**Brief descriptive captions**
· · · · · · ·

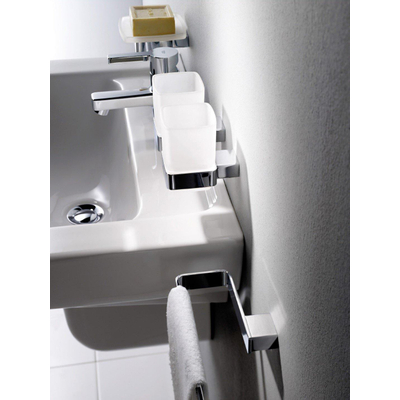 Emco Loft porte-savon avec coupelle porte-savon chromé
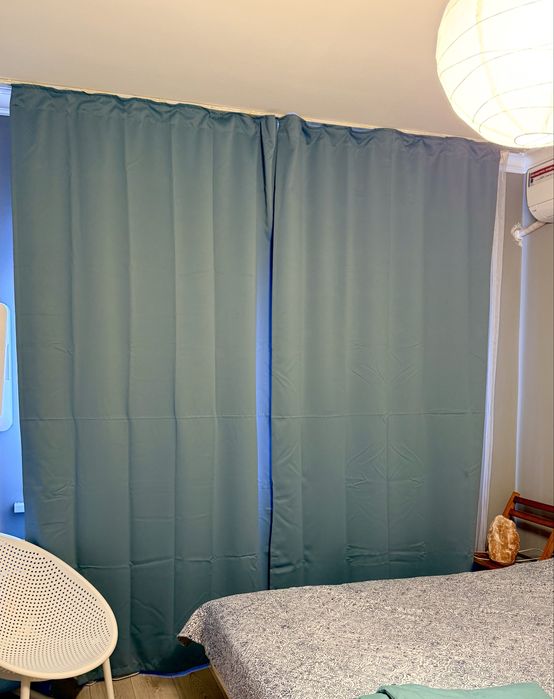 Шторы IKEA блэкаут 275смх145см (2шт)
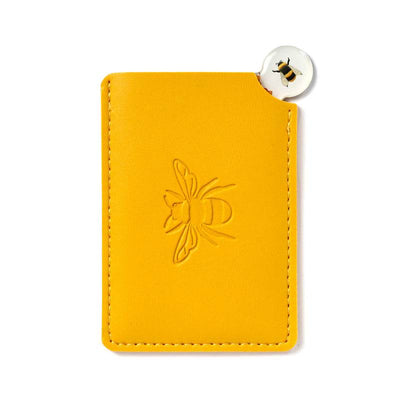 Nectar Meadows Bee Pocket Mirror in Sleeve - Gift Arch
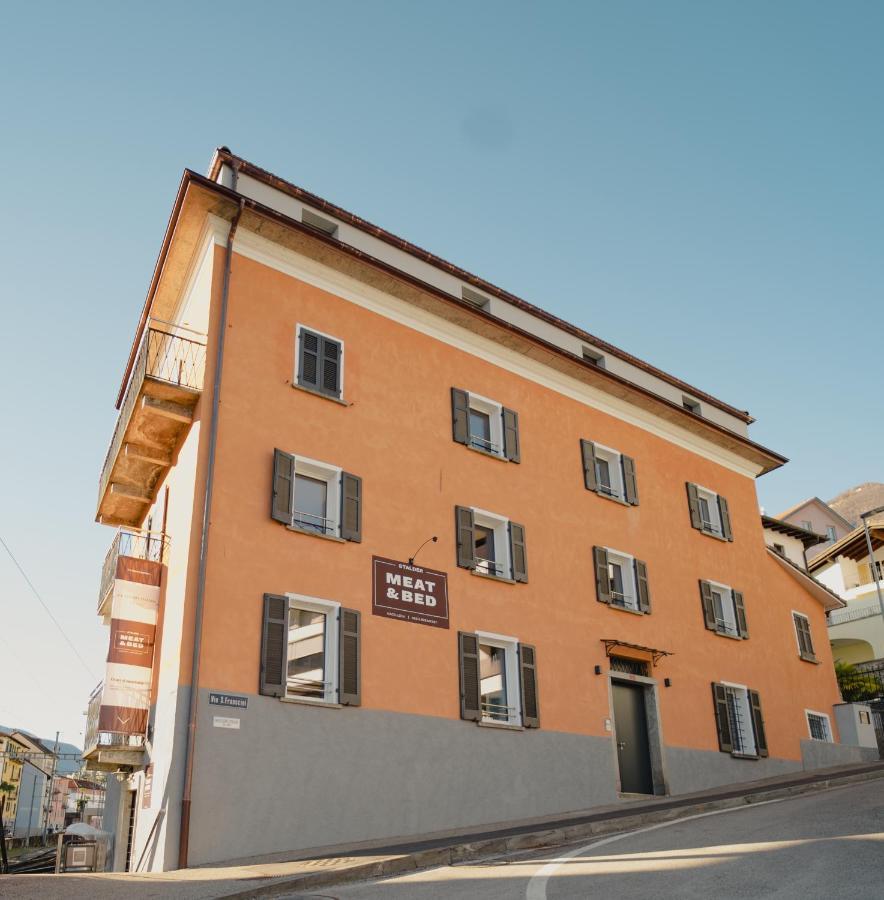 Stalder Meat & Bed Bed & Breakfast Muralto Exterior photo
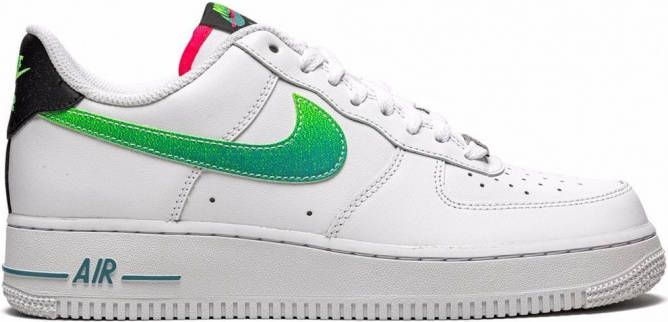 Nike "Air Force 1 '07 LV8 White Aquamarine sneakers" Wit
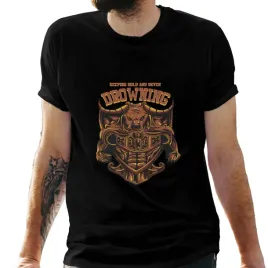 koszulka-meska-czarna-z-nadrukiem-drowking-5xl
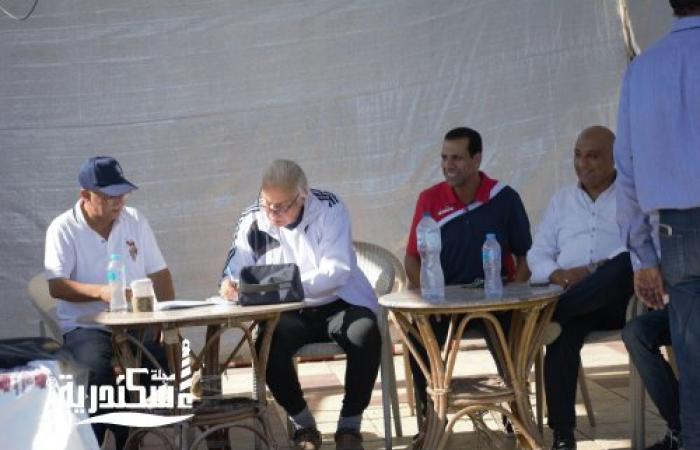 مشاركات فرق الصيد المختلفة فى مهرجان الصيد الدولى بنادى الصيد ببحرى
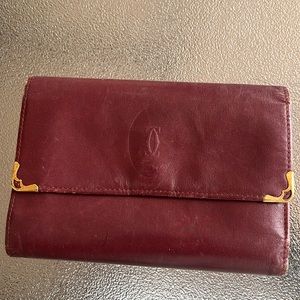 Genuine leather Cartier Wallet , made in Paris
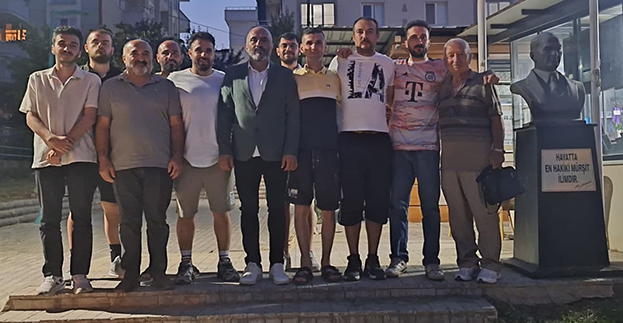 Güler, Güven Tazeledi.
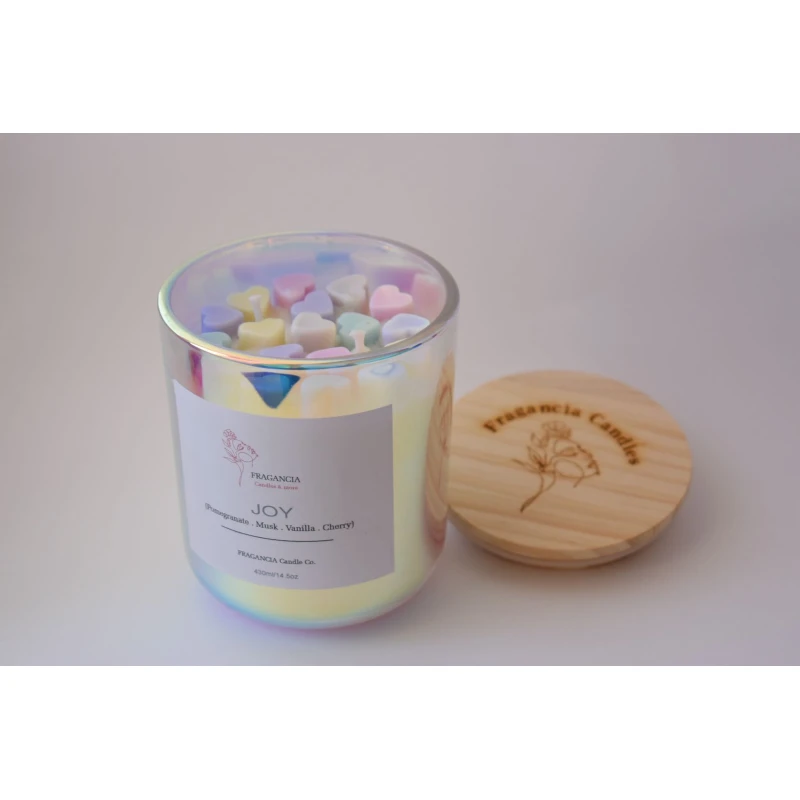 Fragancia, JOY Candle, XL size , 430 ml - Fragancia
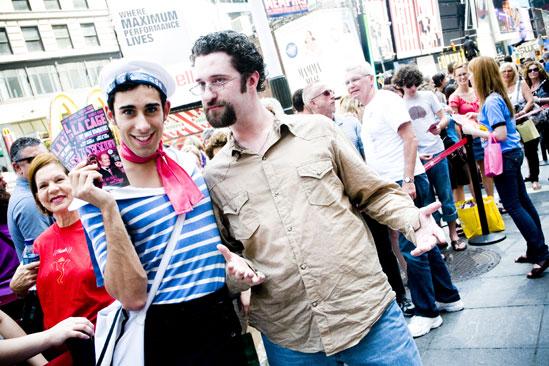 Dustin Diamond  Shoot – Dustin Diamond La Cage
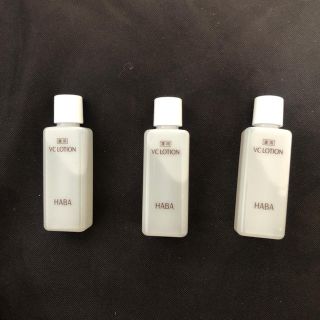 ハーバー(HABA)のhaba ハーバーvcローション（化粧水) 20ml ✖️3(化粧水/ローション)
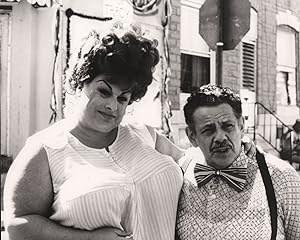 Hairspray (Original photograph of Divine and Jerry Stiller from the 1988 film)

· · · · · · ·

**Work required**
How would the lines above read from the one with "Nectar Meadows Bee" to the one with "koszulka-meska-czarna-z-nadrukiem-drowking-5xl", inclusive, with no pictures? Write them out exactly.

**The completed task**
 Nectar Meadows Bee Pocket Mirror in Sleeve - Gift Arch
 Stalder Meat & Bed Bed & Breakfast Muralto Exterior photo
 Nike "Air Force 1 '07 LV8 White Aquamarine sneakers" Wit
 koszulka-meska-czarna-z-nadrukiem-drowking-5xl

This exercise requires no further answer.